In many Pacific Island countries, it is left to the informal economy to absorb up to 85 percent of working-age people, according to the Lowy Institute.

While crucial to the survival of millions across the region, the informal sector is also plagued by low wages and poor working conditions, problems which were heightened by the pandemic.

The loudest concerns have been raised in the smallest island nations, where the departure of working-age people has been felt most keenly. Among the 34,400 Pacific Islanders in temporary worker programmes in Australia and New Zealand in mid-2022, one-third were from Vanuatu, 22 percent from Samoa and 15 percent from Tonga, compared with just 10 percent from larger Fiji and Solomon Islands.

Still, governments in the region have acknowledged that labour schemes will play an important role in their recovery from the pandemic.

In countries such as Vanuatu, Solomon Islands, Samoa and Nauru, economists have predicted that GDP per capita will still be below pre-pandemic levels in 2027.

“Since the COVID-19 pandemic, labour mobility opportunities have become even more critical to help support our economic and social recovery efforts particularly at the household level,” Leatinu’u Wayne So’oialo, Samoa’s Minister of Commerce, Industry and Labour, said in an address to a regional labour mobility summit held in the capital Apia in November.

At the same time, Wayne So’oialo acknowledged the need to address issues such as brain drain.

Despite these concerns, a stated goal of the labour schemes has been to develop the skills base in Pacific Islands.

“The Australian Government encourages the recruitment of unskilled workers and invests in skills development for the Pacific and Timor Leste workers to ensure we deliver a ‘brain gain’ for the Pacific family,” a spokesperson for Australia’s Department of Foreign Affairs and Trade told Al Jazeera.

A worker trims a fruit tree.
Australia’s PALM scheme offers Pacific Islanders the chance to work in Australia for periods of up to four years in sectors with labour shortages such as agriculture, hospitality and aged care [Courtesy of the Department of Foreign Affairs and Trade]

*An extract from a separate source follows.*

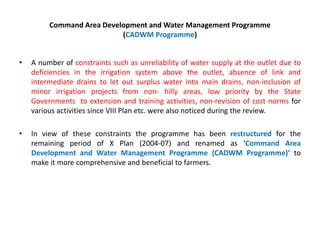 THE COMMAND AREA DEVELOPMENT PROGRAMME.ppt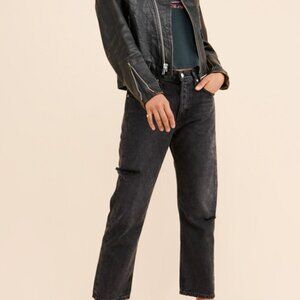 AGOLDE Black Distressed Parker Jean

Boulekone, the general manager of the Vanuatu Chamber of Commerce and Industry, said the schemes had brought benefits to the country in terms of “remittances, upskilling and investment opportunities for our men and women in personal, family, community and business activities”.

In Samoa, labour mobility “elevates standards of living, it enables Samoan families to build homes, purchase vehicles, land in urban areas and luxury items, such as TVs, washing machines,” said Rosalia Me of Women in Business Development.

“For the communities, it assists in building churches, school buildings and community meeting shelters.”

Boosting recruitment from the more populous nations with high levels of poverty, such as Papua New Guinea (PNG) and the Solomon Islands, as well as from rural and remote areas, would increase the benefits of labour mobility to the most vulnerable and reduce the drain on smaller nations, according to a report by Richard Curtain, an expert on Pacific labour markets and migration at the Australian National University.

PNG and Solomon Islands have populations of about 9 million and 700,000 respectively, compared with Vanuatu with about 300,000 people and Samoa with just more than 200,000. The Australian government has pledged to increase recruitment in larger countries and claims to have raised the participation of Solomon Islanders more than nine-fold in less than two years.

Merilyn Temakon, an assistant lecturer in law at the University of the South Pacific in Fiji, said there should be a long-term national plan in regard to labour mobility so that Islanders are “educated to be able to become innovators and inventors using our own local resources and knowledge”, not just “labourers in a foreign land”.

But, for Agnes, even with extra skills and experience, finding a job back home is still a struggle.

“It’s really hard to find work in Vanuatu. I’m currently unemployed, although I’m looking for work as a housekeeper,” she said.